Task to carry out -> In your copy, leave out the pictures; write out all the data exactly.

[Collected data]

────────────────

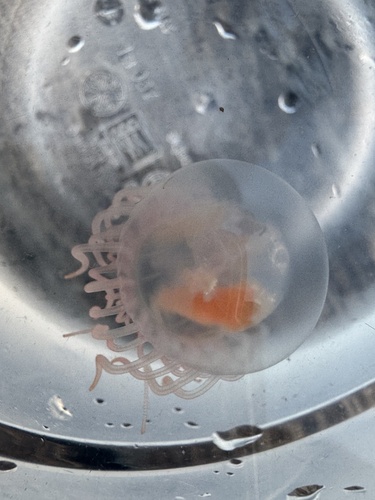 Curtained Jelly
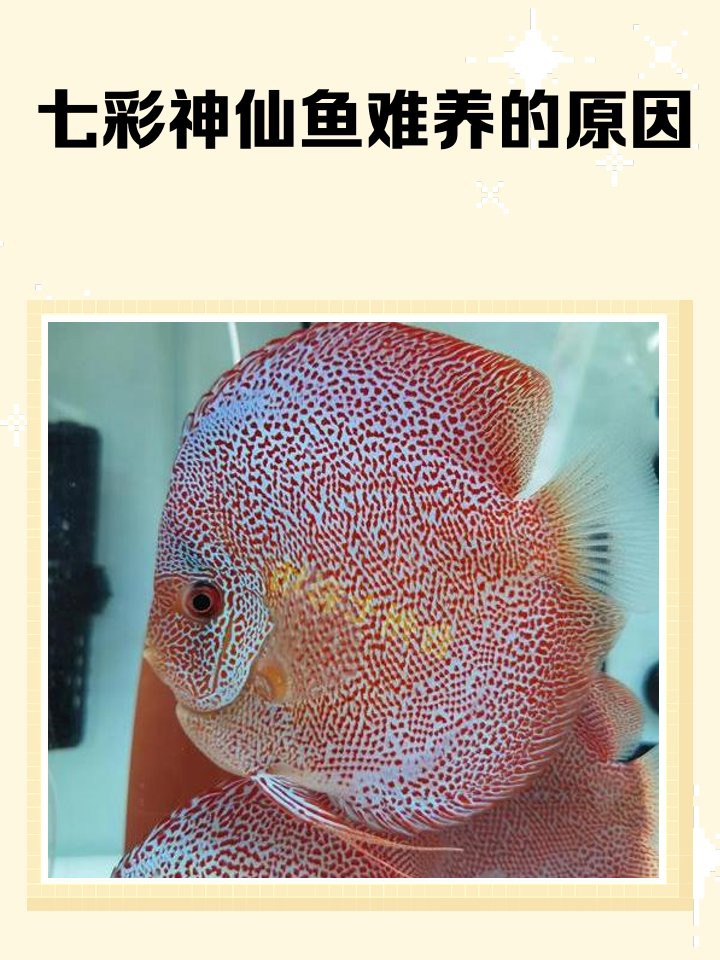 七彩神仙魚難養的原因【七彩神仙魚+ 七彩神仙魚難養的原因【七彩神仙魚+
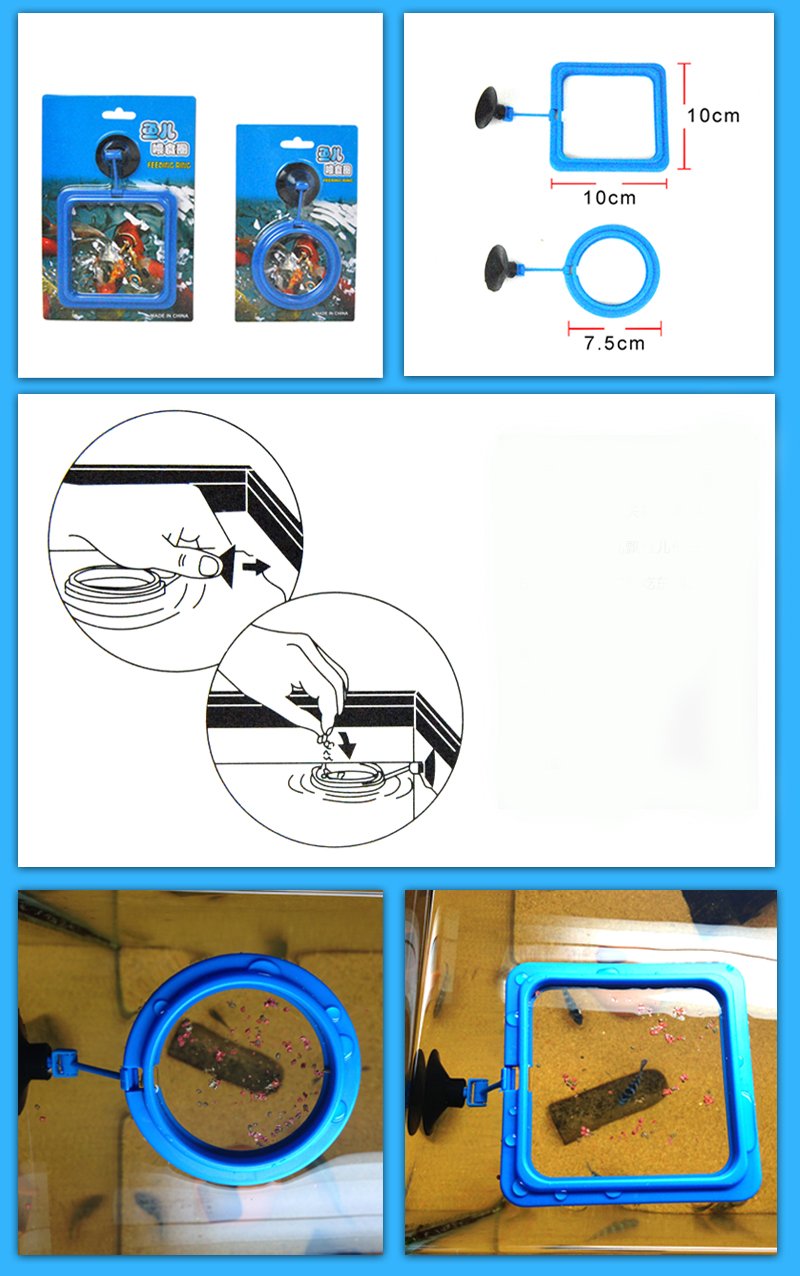 ChangeYOu Aquarium Shrimp Small Bait Feeder Dry Spinach Feeding Stainless Steel Cage S/L (L)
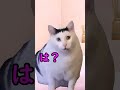 君もついてる　 猫ミーム あるある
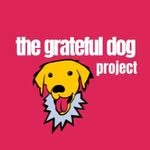 Kelli Jacobson, Alex Jacobson CPDT-KA - @thegratefuldogproject - Instagram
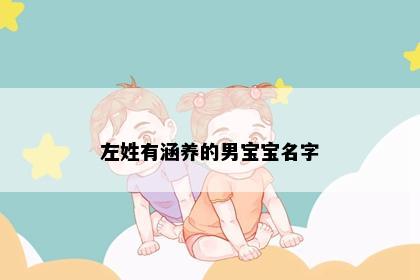 左姓有涵养的男宝宝名字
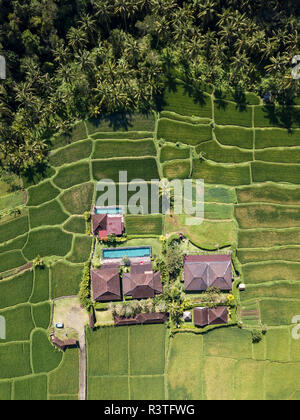 Indonesia Bali Ubud, vista aerea di campi di riso Foto Stock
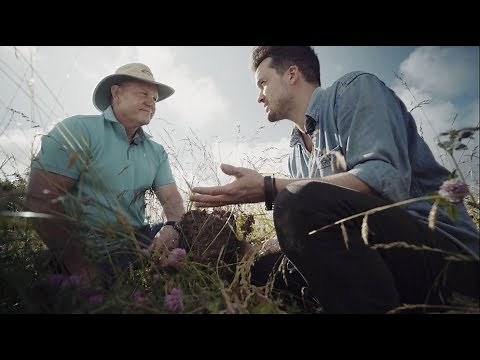 A Regenerative Secret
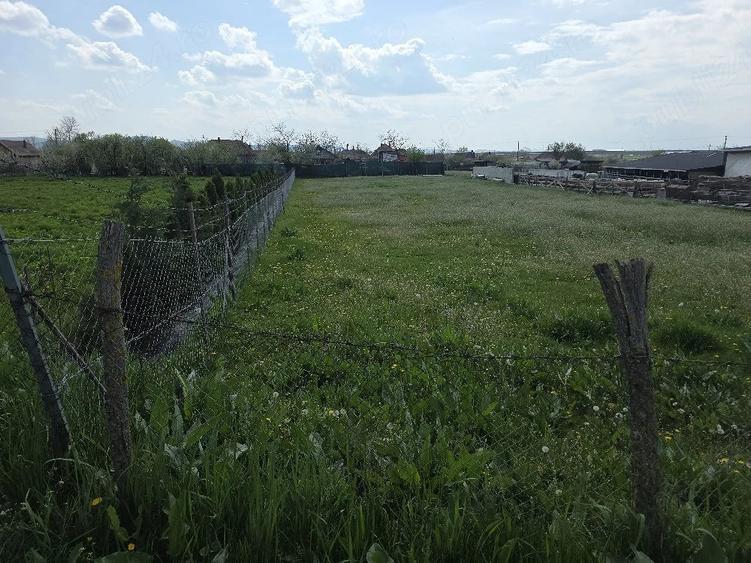 Teren de 1424 mp, în Hădăreni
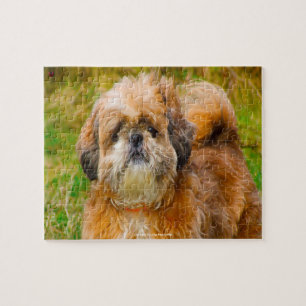 Unser Shih Tzu unser Haustier Puzzle
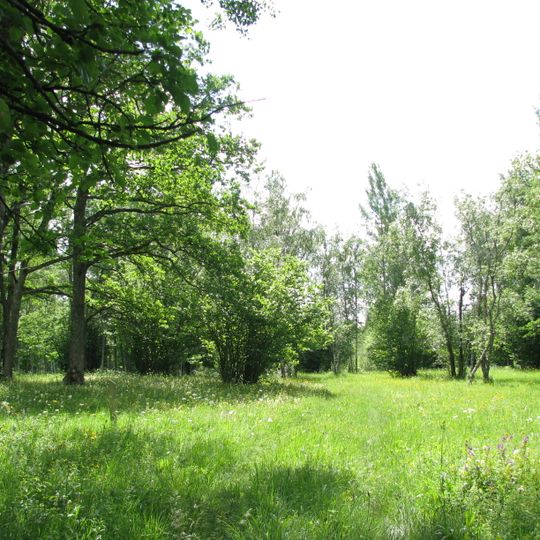 Nedrema Nature Reserve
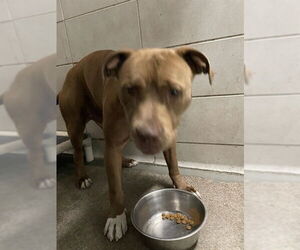 American Pit Bull Terrier Dogs for adoption in Stockton, CA, USA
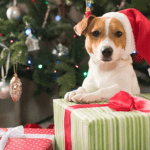 Qué regalos especiales puedo obsequiar a mi perro en Navidad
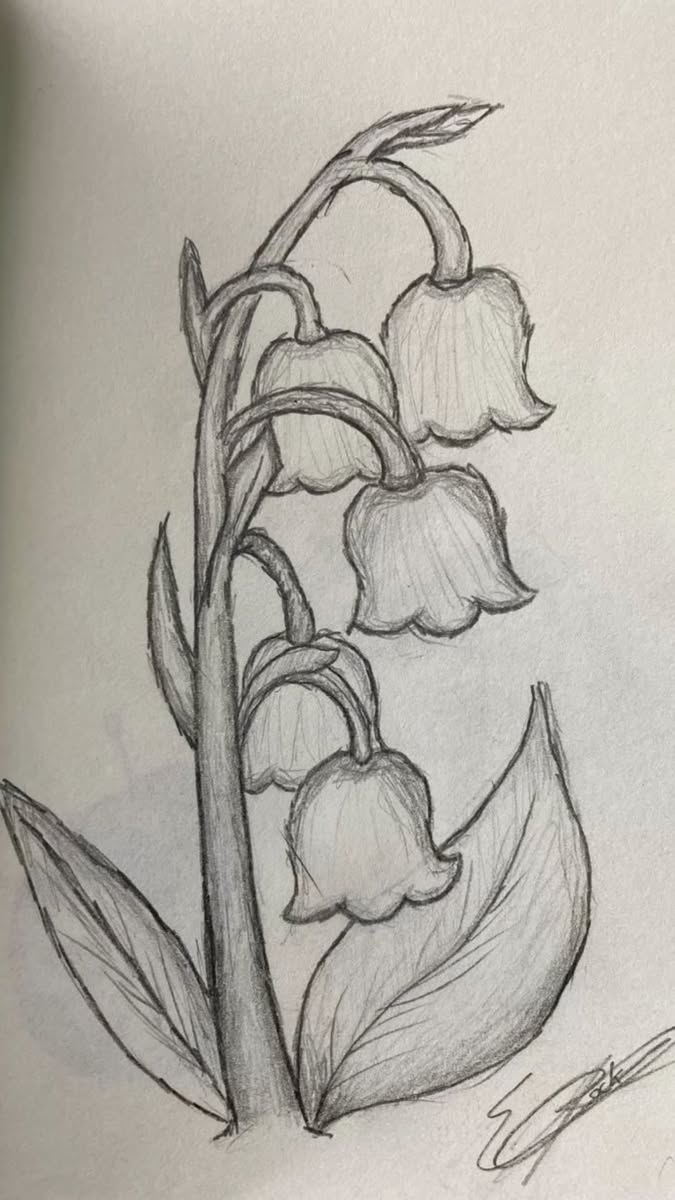 Elegant Bell Flower Sketch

────────────────

Answer section ->
 Curtained Jelly
 七彩神仙魚難養的原因【七彩神仙魚+ 七彩神仙魚難養的原因【七彩神仙魚+
 ChangeYOu Aquarium Shrimp Small Bait Feeder Dry Spinach Feeding Stainless Steel Cage S/L (L)
 君もついてる　 猫ミーム あるある
 Kelli Jacobson, Alex Jacobson CPDT-KA - @thegratefuldogproject - Instagram
 左姓有涵养的男宝宝名字
 Indonesia Bali Ubud, vista aerea di campi di riso Foto Stock
 A Regenerative Secret
 Teren de 1424 mp, în Hădăreni
 Unser Shih Tzu unser Haustier Puzzle
 Nedrema Nature Reserve
 American Pit Bull Terrier Dogs for adoption in Stockton, CA, USA
 Qué regalos especiales puedo obsequiar a mi perro en Navidad
 Elegant Bell Flower Sketch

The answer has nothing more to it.